Discussion & Proposal: Improving built-in Consul discovery for dynamic ports (A deep-dive on SRV resolver behavior)

Hello Caddy Community,

I’d like to start a discussion and propose an enhancement to Caddy’s built-in service discovery capabilities, specifically regarding its integration with Consul for services running on dynamic ports. My goal is to achieve a fully self-contained Caddy setup that does not depend on host system DNS configurations, which I believe is a common and important cloud-native pattern.

The Journey: From a Simple Goal to a Deep Insight

My journey began with a simple objective: use Caddy’s dynamic srv to reverse proxy to my backend services registered in Consul, which are running on dynamic ports.
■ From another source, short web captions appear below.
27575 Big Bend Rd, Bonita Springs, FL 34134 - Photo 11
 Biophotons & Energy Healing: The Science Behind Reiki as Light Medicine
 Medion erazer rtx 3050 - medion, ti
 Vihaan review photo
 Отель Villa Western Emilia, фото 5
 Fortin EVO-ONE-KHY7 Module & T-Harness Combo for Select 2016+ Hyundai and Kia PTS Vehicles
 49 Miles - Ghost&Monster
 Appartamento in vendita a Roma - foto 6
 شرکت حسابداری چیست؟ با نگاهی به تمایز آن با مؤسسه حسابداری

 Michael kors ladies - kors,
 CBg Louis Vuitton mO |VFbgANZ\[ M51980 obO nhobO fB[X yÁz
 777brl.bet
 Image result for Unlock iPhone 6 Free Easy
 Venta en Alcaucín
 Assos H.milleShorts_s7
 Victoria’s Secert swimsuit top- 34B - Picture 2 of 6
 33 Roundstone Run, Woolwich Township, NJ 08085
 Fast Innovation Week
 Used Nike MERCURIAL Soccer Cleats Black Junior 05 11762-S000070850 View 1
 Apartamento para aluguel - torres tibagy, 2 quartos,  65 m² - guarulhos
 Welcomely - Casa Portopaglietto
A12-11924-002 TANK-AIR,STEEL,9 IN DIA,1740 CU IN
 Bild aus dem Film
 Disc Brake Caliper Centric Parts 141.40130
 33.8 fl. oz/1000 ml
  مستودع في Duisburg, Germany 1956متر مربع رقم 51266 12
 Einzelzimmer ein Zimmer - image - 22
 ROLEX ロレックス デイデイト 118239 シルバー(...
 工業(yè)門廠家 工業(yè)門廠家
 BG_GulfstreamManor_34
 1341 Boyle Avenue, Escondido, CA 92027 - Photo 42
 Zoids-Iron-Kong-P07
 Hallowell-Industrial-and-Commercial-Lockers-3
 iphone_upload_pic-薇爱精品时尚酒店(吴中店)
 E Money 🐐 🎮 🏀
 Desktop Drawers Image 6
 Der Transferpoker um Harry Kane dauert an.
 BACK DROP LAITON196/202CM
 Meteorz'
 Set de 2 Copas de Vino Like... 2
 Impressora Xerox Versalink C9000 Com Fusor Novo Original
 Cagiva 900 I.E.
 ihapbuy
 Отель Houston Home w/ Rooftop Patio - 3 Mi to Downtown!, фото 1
1. The Initial Configuration & Problem

I started with what seemed to be the correct Caddyfile, pointing the resolvers to my Consul agent:

reverse_proxy {
    dynamic srv _tenant._tcp.service.consul {
        resolvers 192.168.50.119:8600
    }
}

However, this configuration only worked if I also configured my host’s system DNS to forward .consul queries to the Consul agent. Without the system DNS configuration, Caddy would fail with a 502 error.

2. The Evidence: The Two-Step DNS Lookup

After some debugging, the Caddy error log provided the crucial clue:

ERROR   http.log.error  dial tcp: lookup c0a832fb.addr.dc1.consul. on 127.0.0.53:53: no such host

This log shows that Caddy was falling back to the system resolver (127.0.0.53:53 ) for the second part of the lookup.

A dig query confirmed the two-step nature of the process:

$ dig @192.168.50.119 -p 8600 _tenant._tcp.service.consul SRV

;; ANSWER SECTION:
_tenant._tcp.service.consul. 0  IN      SRV     1 1 43019 c0a832fb.addr.dc1.consul.

;; ADDITIONAL SECTION:
c0a832fb.addr.dc1.consul. 0     IN      A       192.168.50.251

This revealed the core issue:

  • Step 1 (SRV Lookup): Caddy correctly uses the specified resolvers to query for the SRV record.
  • Step 2 (A-Record Lookup): When it gets the target hostname (c0a832fb.addr.dc1.consul. ) from the SRV answer, it ignores the resolvers directive and falls back to the system DNS to resolve this hostname to an IP.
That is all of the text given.